A career assistant and former standout as a player at SMU in the late 1990s, Blair takes over a Tech program that can be described only as in transition. The retirement of veteran coach Nell Fortner at the end of March left Tech without a coach and the team with a decimated roster — seven players from the 2024-25 squad have placed their name in the NCAA’s transfer portal since the Yellow Jackets lost to Richmond in Los Angeles in the first round of the NCAA Tournament.
Blair said her first order of business is trying to establish relationships with the existing members of the team and to even try to convince those considering playing elsewhere next year to return to Tech for the 2025-26 season. Building a staff and scouring the transfer portal for additional talent are also of utmost importance and urgency.
The former associate head coach at Maryland has to do all that while balancing name, image and likeness deals and possible revenue-sharing payouts.
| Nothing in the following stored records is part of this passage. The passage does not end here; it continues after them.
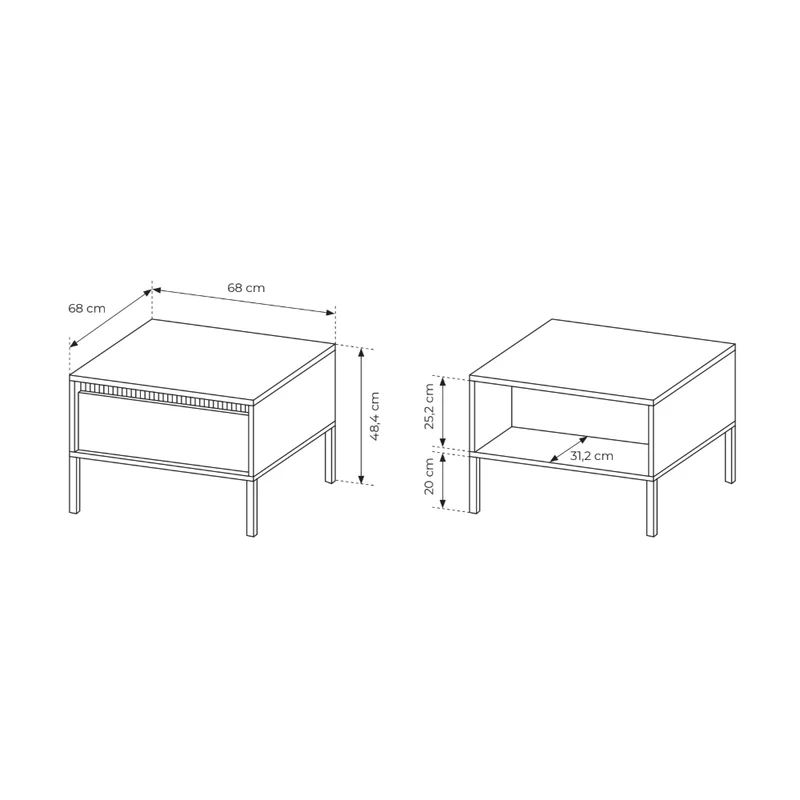 Couchtisch 68x48 cm mit Schublade im minimalistischen Stil | Senra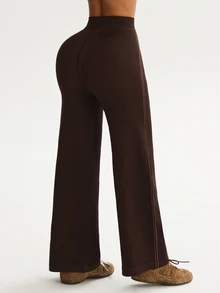 Solea Cove 1pc Women's Seamless Ribbed Solid Color Side Stripe Street Casual Yoga Studio Training Long Straight Leg Leggings - Coffee Brown - View 6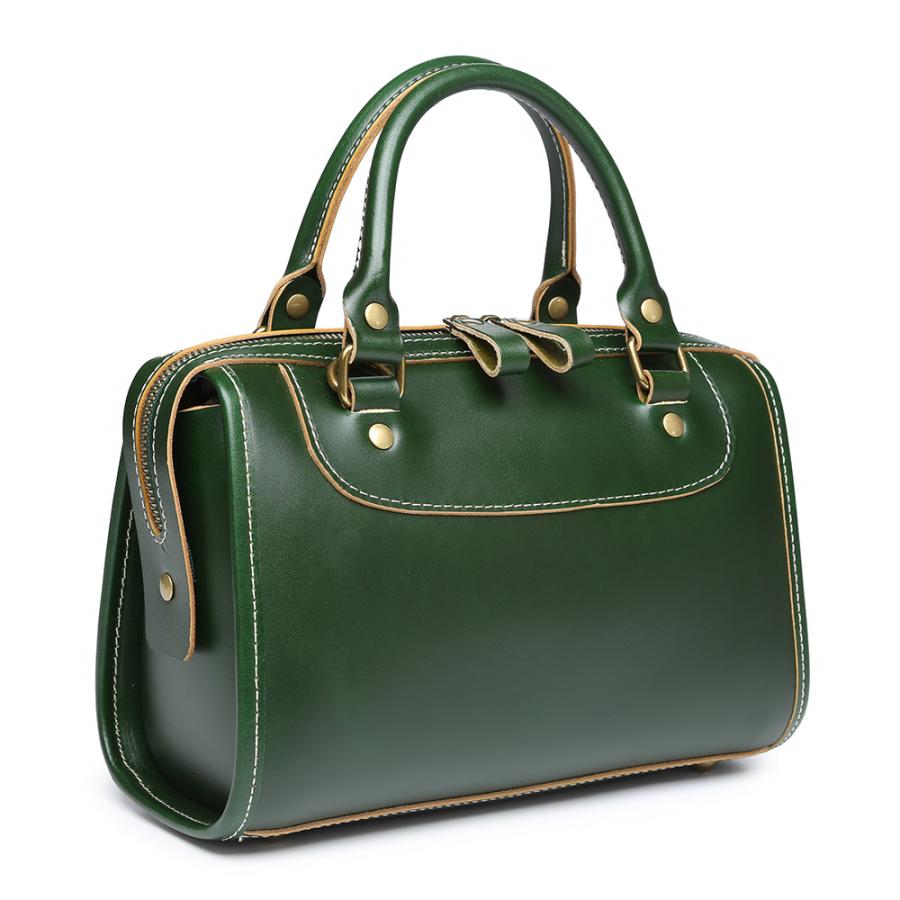 ミニボストン グリーン 緑 ボストンバッグ ハンドバッグ 2way レザー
“I think if you talk to anybody that knows me, I love a challenge. And if we say we’re not facing interesting or challenging times right now in athletics, then we’re kidding ourselves,” Blair said. “But for me I actually have embraced it. These last three years, as a No. 2 (at Maryland), that’s what I was working on. My No. 1 job was trying to figure out how to best go forward in this new environment. I’m going to embrace it, I’m excited about it and I know right now this program is very well supported and that’s another reason that made it a really easy decision to be here.”
Blair was flanked Monday by Tech president Angel Cabrera on her right and Tech athletics director J Batt on her left. Batt said he was looking for someone with a track record of success, someone with a plan and someone who was a great fit.
Batt thanked the current members of the team for trusting his judgment in the hiring process as well.
“We had tremendous interest in this position,” Batt added. “We were very well prepared. As you know we went quickly. We had a ton interest. (Blair) rose to the top very, very early on in the process and it was clear she was the right choice.”
Blair played point guard at SMU from 1995-99 and began her coaching career following graduation from the Dallas school in 1999. She has been an assistant at Colgate, Texas-Arlington, North Texas and Virginia Commonwealth, respectively, before her previous her seven seasons at Maryland.
She said she’d like her offense to play with pace and space, and to be known for ball and player movement. Defensively, she will want her teams to control tempo and disrupt rhythm.
How quickly she can build a team to do those things at a high level remains to be seen.
“The standard is to go to the NCAA Tournament. That’s what you guys brought me here for,” Blair said. “I want to continue to grow that and that to be the standard for us going forward is that we’re dancing in March.”